Australia’s Administrative Appeals Tribunal (AAT) doesn’t need a dedicated CIO, according to a new Statutory Review of the organisation.
Recently tabled in federal Parliament and conducted by former Justice of the High Court of Australia, the Hon Ian Callinan AC, the Review was conducted after the amalgamation of the AAT, the Social Security Appeals Tribunal and the Migration Review Tribunal and Refugee Review Tribunal.
The Review’s terms of reference (pdf) focus on whether the amalgamation has succeeded and the AAT is now meeting its statutory objectives. The Review’s thrust is that amalgamations aren’t easy, this one hasn’t gone perfectly and the AAT is therefore “not always meeting community expectations”, in part due to backlogs.
The Review doesn’t find that the Tribunal’s tech is to blame for the problem, instead suggesting the organisation is under-staffed and could usefully be restructured.
Which is where it loses a dedicated CIO.
Callinan assessed the Tribunal’s current structure and recommended its current Registry be divided into two “functional sections” one of which would be formed by merging the offices of assistant registrar and COO, while the other could merge the roles of chief legal officer (CLO) and CIO.
Doing so would address the current situation that sees e-services, information management and general IT split between different executive directors. A proposed new org chart therefore has the combined CLO and CIO in charge of:
- Legal support
- Freedom of information & Privacy
- Records and case management
- Information technology
- Systems architecture
- Digital strategy
There is one small technology-related recommendation in the Review: Callinan notes that AAT matters that have national security considerations can’t be conducted electronically, but recommends that restriction be removed for “hearings of a procedural nature and not touching the substantive material in the application”.

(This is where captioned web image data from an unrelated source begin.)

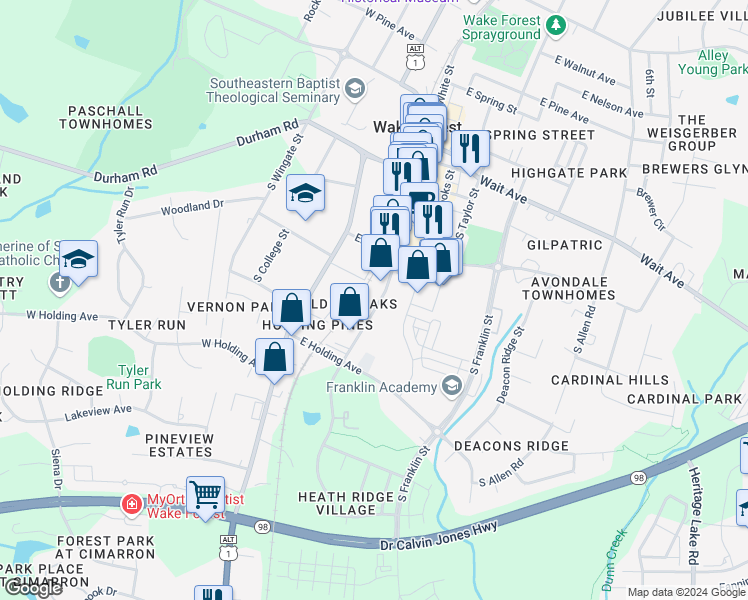 map of restaurants, bars, coffee shops, grocery stores, and more near 508 South White Street in Wake Forest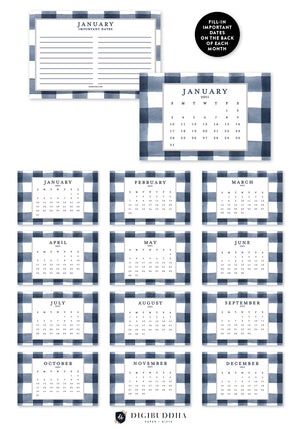 2021 Navy Gingham Desk Calendar by Digibuddha | Coll. 3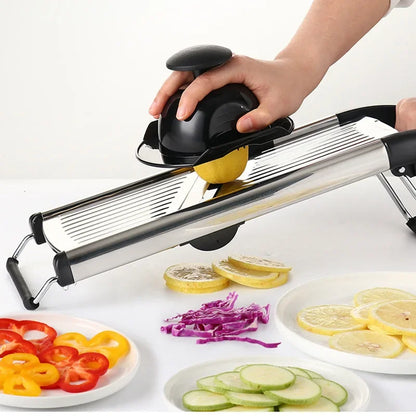 Kitchen Slicer Adjustable Stainless Steel Food Fruit Vegetable Tools Potato Onion Slicer French Fry Cutter, Slicer Julienne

One more curiosity to note: Callinan commented on the AAT's culture and found "Highly respected and competent Members, including the judicial ones of considerable seniority, have not always been treated with the courtesy, let alone respect, that their office and duties require, by some staff members."
His supporting evidence for that assertion is a single and not-very-bitchy email with the subject line "Seating options on Level 15 (or 14) that says, in part: "This is an absolute nonsense. And I really don't want to escalate this when it is sooooo not necessary."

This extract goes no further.